Linux-Hams archive - July 1998: sizeof()

sizeof()

Mike Bilow (EEST)
Mon, 06 Jul 98 22:10:00 -0000


Kai Schulte wrote in a message to Mike Bilow:

> In general, it is
> considered good practice to avoid writing any code which depends upon the
> underlying implementation size of "int" or any other data type.

KS> Does that mean "never use more than the low 16 bits (or
KS> maybe even 8) of an integer" or rather "never use the type
KS> int at all"?

It means that you should never write code that will break if it compiles on a
machine with a different size for "int", since this changes frequently.

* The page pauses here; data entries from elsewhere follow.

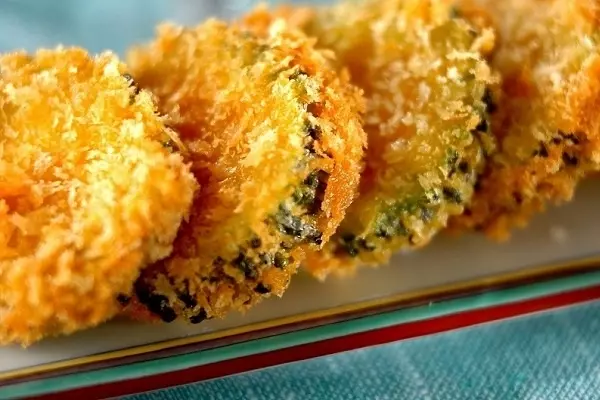 ゴーヤのフライ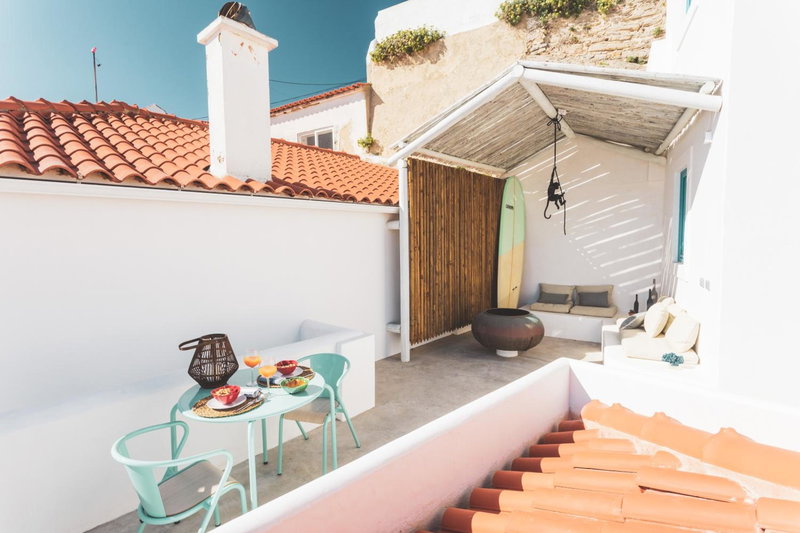 Azenhas do Mar West Coast Design and Surf Villas, Sintra, Portugal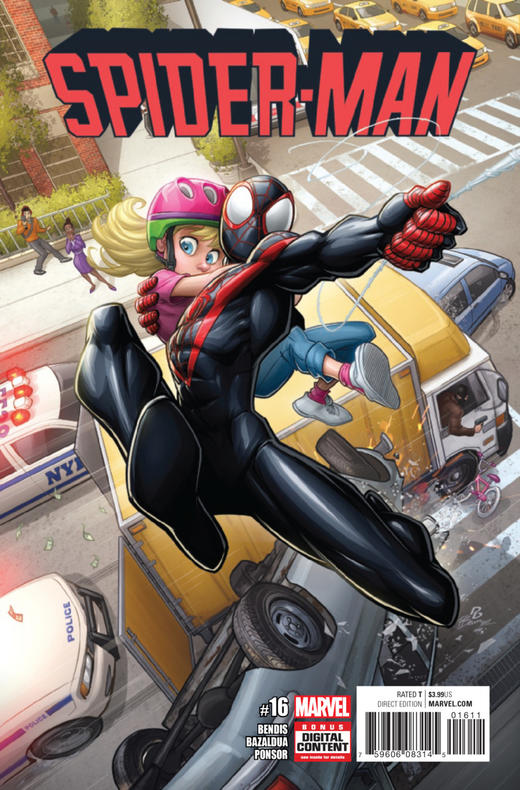 蜘蛛侠v2 主刊 Spider Man V2（2016）普封 商品图3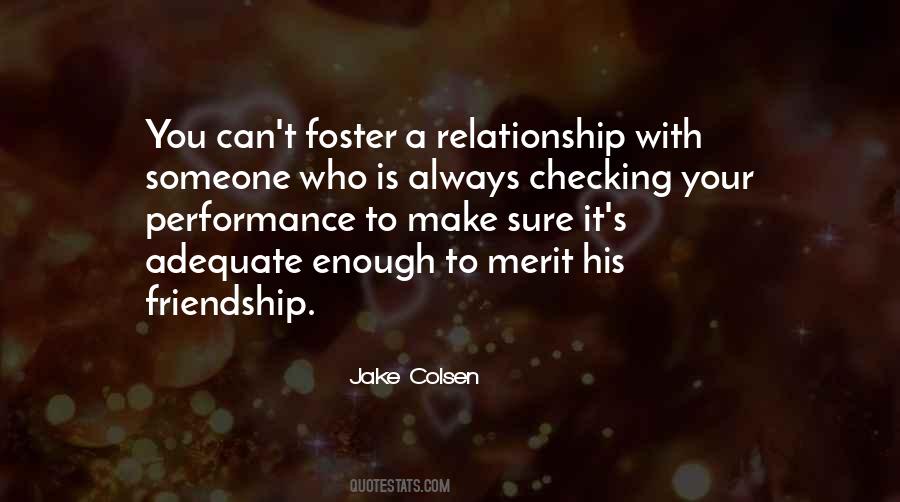 Quotes About Relationship Trust #824524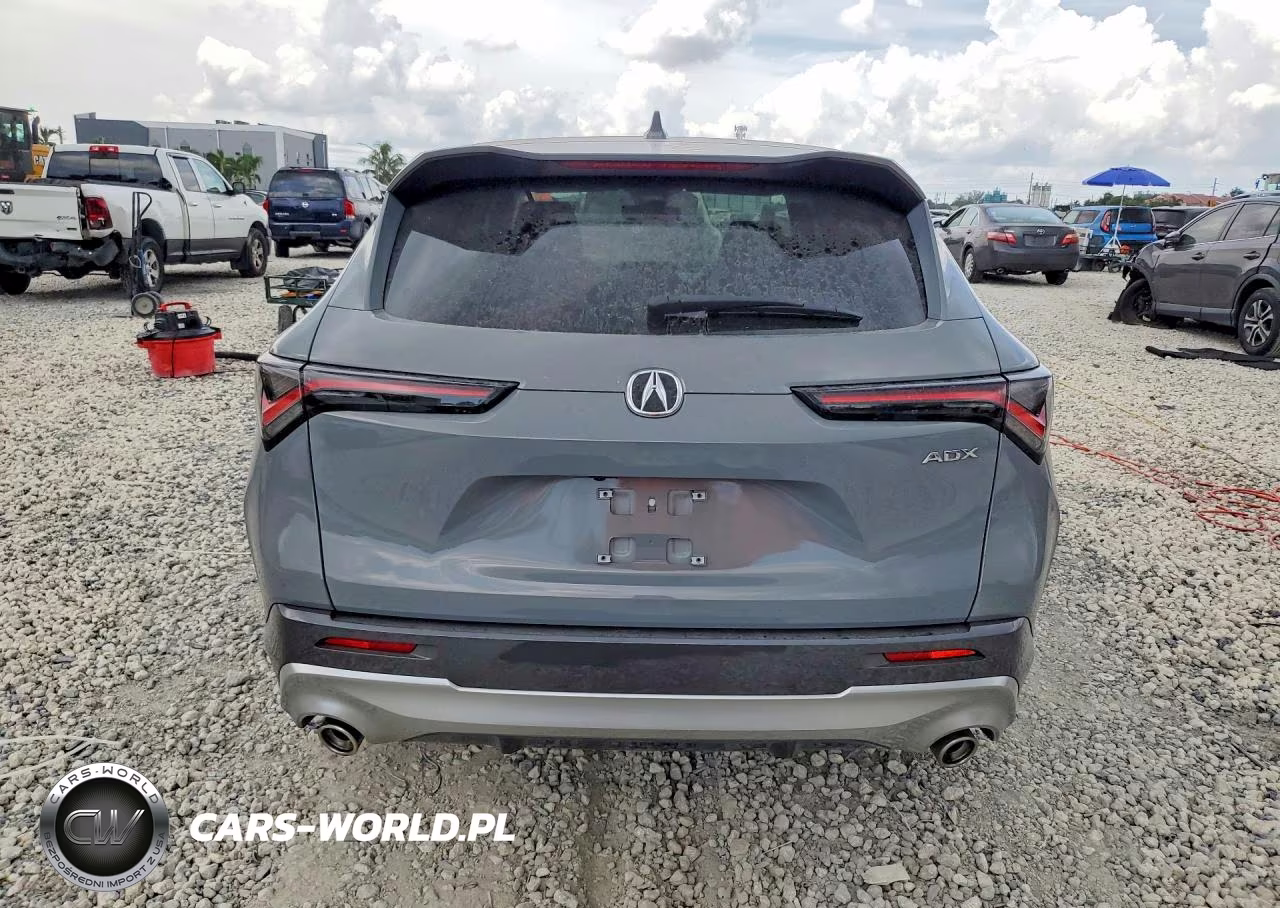 2025 Acura Adx VIN:3HDSA1H33SM709174 - 6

KS> Kai, who would rather use #ifdefs if the program has to be
KS> portable rather than waste memory by default

As I said, if you really need to know how large a value you can store in an
"int", then find out from the official ANSI manifest constants, "INT_MIN" and
"INT_MAX". One way to do this might well be to use conditionals:

#include <limits.h>

#if LONG_MAX > INT_MAX
#define X_IS_LONG
long x;
#else
#define X_IS_INT
int x;
#endif

The problem is that this approach saves memory at the cost of complexity. For
example, you would later need to worry about the type of x when you print,
since the compiler would not check this for you:

#ifdef X_IS_LONG
printf("x is %ld", x);
#else
printf("x is %d", x);
#endif

Another approach, which is far better, is to use some synthetic types created
with "typedef" when you really need to care about bit-size, such as:

#include <limits.h>

#if LONG_MAX > INT_MAX
typedef long int32;
#else
typedef int int32;
#endif

int32 x;

This doesn't quite fix the "printf" problem, at least not gracefully, but at
least it encapsulates all of the architecture-specific stuff in once place so
that porting becomes relatively easier.

Finally, keep in mind that "wasting" memory might be a good idea in many cases.
For example, in order to save two bytes of data space by declaring a variable
as 16-bit instead of 32-bit (in Linux), you will incur both a performance
penalty and a one-byte code space prefix penalty for _each_ machine instruction
in code space which accesses that variable location. Even if you only access
the variable in two places in the code, once to write and once to read, you
will have given back the two bytes you saved and lost speed. The design
philosophy of C is that "int" should be a natural size for the machine, and all
compilers are pretty good about picking the right size.